Recuerdo que en mi primera infancia había un sólo rascacielos en la Ciudad de México, la emblemática Lotería Nacional. Años después surgiría otro, la más emblemática aún Torre Latinoamericana y frente a ella la modesta Torre Abed. Y pare de contar. Yo me entristecía, pues ciudades en principio más pobres que la nuestra podían presumir de ramilletes de tallest mucho más apantallantes. Era el caso de la Ciudad de Panamá, Bogotá, Río o Lagos. Tardé muchos años en comprender que los grandes inmuebles y los comercios de alcurnia son emblemas de pobreza, no de riqueza. Síntomas desvergonzados y ostentosos de la injusticia y desigualdad social.
Hoy, desde hace dos décadas, el degradado DF puede competir con orgullo frente a esos rivales presuntuosos. Y seguimos enrachados. Claro que nuestros relucientes gigantes deben convivir, a prudente distancia eso sí, con las inmensas extensiones del Hoyo de Iztapalapa, la San Felipe, Peralvillo, el Cuernito o cualquiera de las tres mil colonias que conforman nuestra mancha urbana (dije mancha) y que no tienen nada que pedirle a las tristemente célebres favelas brasileñas.

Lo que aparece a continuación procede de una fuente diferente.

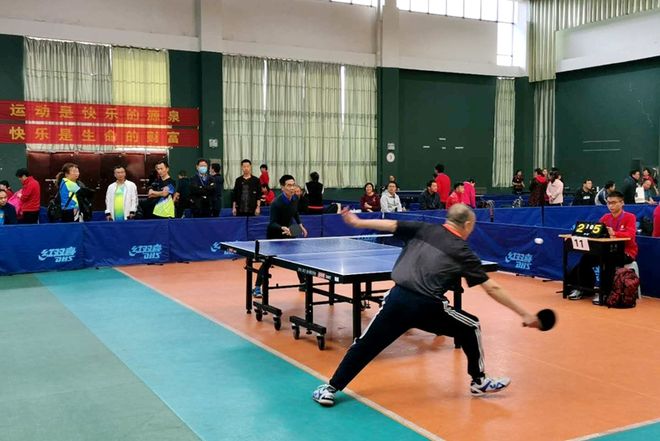 乐轻轻摇摆 乐轻轻摇摆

Antes de la catástrofe, sin embargo, otras amenazas acechan. ¿Será que nuestras ínclitas autoridades, tan populares y democráticas, prevén y reglamentan los problemas de estabilidad de terrenos, de circulación, abasto de agua y electricidad, drenaje y servicios que tales mamotretos presentan? Si le digo que me temo que no, no creo sorprenderlo, concernido lector.

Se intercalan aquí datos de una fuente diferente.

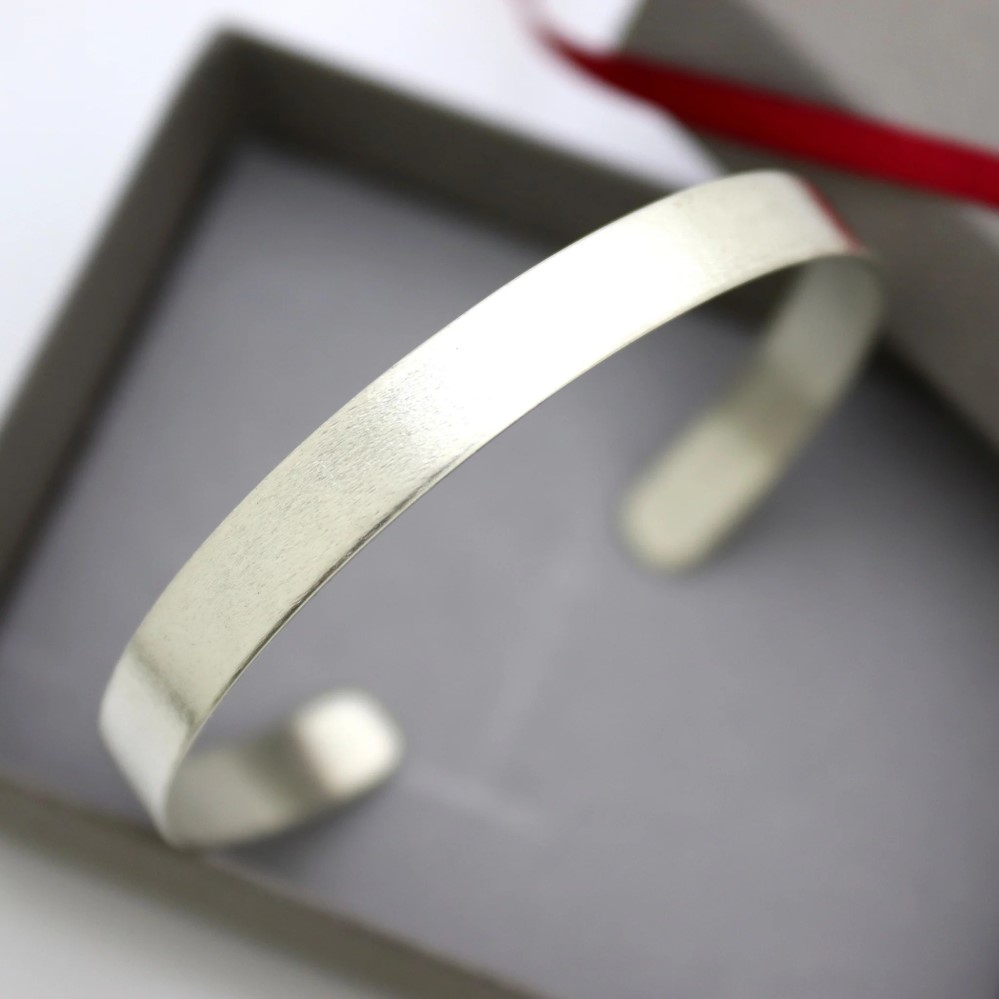 plain silver bangle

Precisamente la “elasticidad” con la que se concedieron autorizaciones irresponsables en Italia propició ese crecimiento caótico, desenfrenado y opresivo que Calvino denuncia. Qué fácil resulta(ba) untar la mano de los funcionarios romanos, a pesar de la detallista y engorrosa reglamentación. La gran mayoría de las licencias son irregulares y se saltan los requerimientos, en particular de ese tan famoso como enredado “inciso tres” de la Regolamentazione edilizia, que especifica todas las innumerables restricciones y al que nadie hace el más puto caso.

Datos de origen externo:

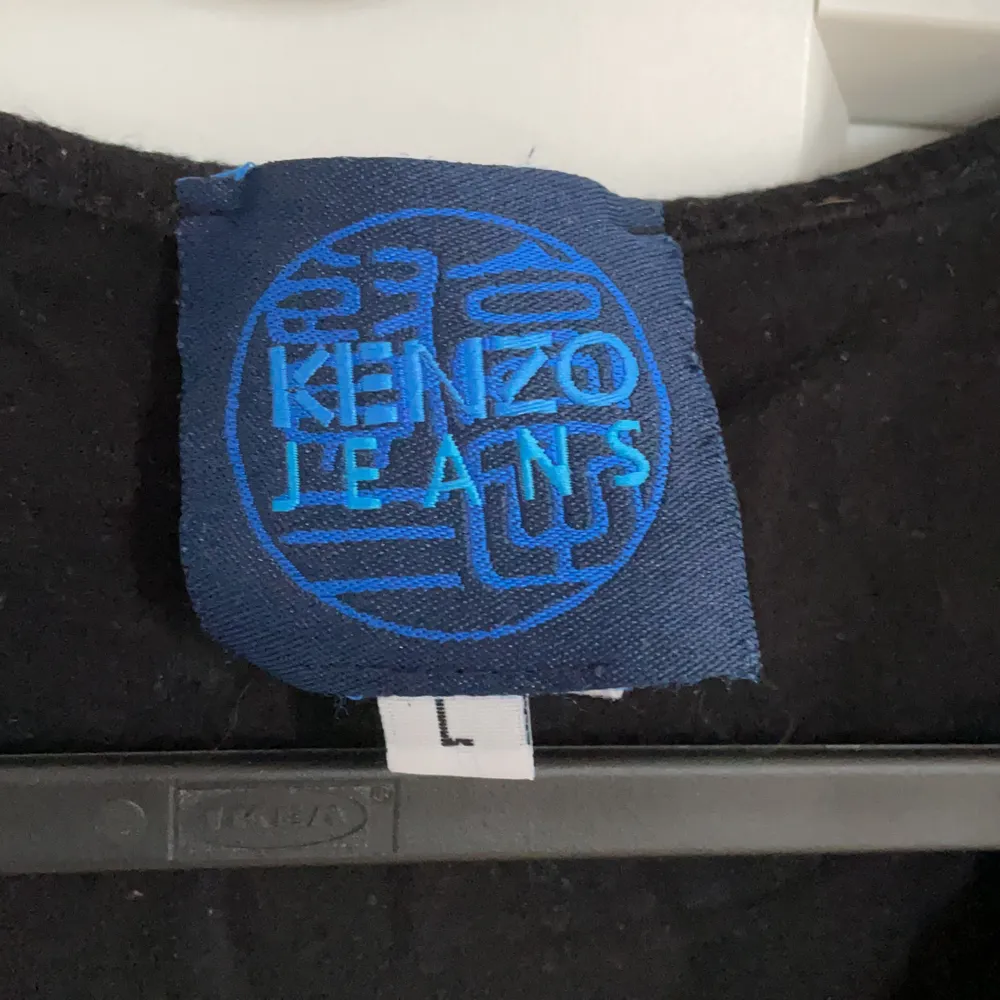 Gullig vintage kenzo tröja i storlek L men den sitter som en S/M🤍 stretchigt material så skulle kunna passa alla mellan S-L, fint skick!. T-shirts.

Permisos extemporáneos requieren realizar interminables trámites adicionales, liberar lícitamente el gravamen arancelario sobre toda edificación, quedando ulteriormente el propietario apercibido de respetarlo escrupulosamente. También exige volver a sustentarlo, quitando únicamente el tercer requisito incluyendo sus típicos equívocos.
El resultado, ya lo puede usted adivinar, es el inevitable desorden y la más inevitable aún corrupción y usura. La descripción que hace el autor del panorama es asombrosamente similar a la que nos correspondería, no entonces, sino precisamente hoy en día.
Con la diferencia de que aquí hay más pobres que allá, y también más ricos. Más rascacielos y más ciudades perdidas. Les ganamos tanto en la vertical como en la horizontal. Bravíssimo.